# 94 sentra LE ?



## mr.speedB13 (Sep 6, 2006)

i gota 94sentra le not many made and not many left ...as i look for others i see alot of the e and the se but not the le "hence " limeted edittion hehehehe.. id like to know who does have one


----------



## Oldnissanguy (Jan 6, 2005)

I have one and I see a lot of them in my part of NC. They're basically an XE with a bunch of the GXE parts put on them like all the power stuff.


----------



## metro273 (Sep 16, 2005)

I have an automatic maroon one. I recently bought some B13 SE-R wheels for it off of eBay for $150 shipped, no tires of course...


----------



## ConKBot of Doom (Jul 24, 2006)

I have an 94 LE 2 door

manual windows and locks, power windows, dunno what all the differences are between the 3 different versions.


----------



## Oldnissanguy (Jan 6, 2005)

So, how many models were there in 1994? I think there were XE, GXE, LE 2 and 4 door bodies with the SE and SE-R 2 door only. Was there a non-lettered base model?


----------



## Tee-Jay (Oct 18, 2006)

i got a 94 LE 4dr. It has power windows and locks. Manual trani. i got it as my first car and i got lucky and got some free mods done to it. i live in florida so the paint was pretty bad and i lost the old badges when it was repainted.


----------



## sentra_ga16de (Nov 26, 2006)

*le sentra*

i have a 94 le sentra and i have been doing small mods like air filter and exhaust and interior work but i have never seen a limited edition where i like, all i see are GXE AND XE in wisconsin


----------



## b13pnoysentra (Mar 30, 2005)

I have a 1994.5 Sentra Limited Edition built in october of 1994. It's a 5 speed manual with the standard 1.6L GA engine, manual door locks (annoying), manual windows, power mirrors, had Cassete/Radio, has A/C, has a tachometer, with SE-R spoiler, SE-R trunk lights, SE-R front bumper (before repaint), SE-R bucket seats, and had 13" steelies w/ silver hubcaps. I'm missing the moon roof option and multiple power options like some of you have. I also remember the old stock exhaust to have had a sporty tip attached to the pipe.


----------



## b13pnoysentra (Mar 30, 2005)

Someone in the past mentioned the last limited editions (i.e. silver font embelm on trunk, not to be confused with the older 91-93 limited editions w/ the white lettering on the doors) were the last B13s sold in the US before the new B14 models came, so Nissan was just putting all the leftover parts they had (SE-R or not) into the 1.6L powered B13 chassis sentras.


----------



## b13pnoysentra (Mar 30, 2005)

Oldnissanguy said:


> So, how many models were there in 1994? I think there were XE, GXE, LE 2 and 4 door bodies with the SE and SE-R 2 door only. Was there a non-lettered base model?
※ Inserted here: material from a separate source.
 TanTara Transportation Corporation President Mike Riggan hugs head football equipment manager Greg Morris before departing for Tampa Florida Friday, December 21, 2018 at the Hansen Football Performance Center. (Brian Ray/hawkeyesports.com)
I believe there was a base E model with standard options (5 spd in 94'). The stock E models were missing the passenger side mirror and A/C. It lacked power anything so it was the lightest model made.


----------



## Oldnissanguy (Jan 6, 2005)

Sounds like the 2 door models didn't get the power stuff. That kind of makes sense because if they used the GXE interior parts, which is what mine has, I believe it only came in a 4 door.


----------



## dreww (Sep 28, 2006)

i got a 94 LE 4dr. power everything and automatic. the radio was a tape deck only but that got replaced a while back.


----------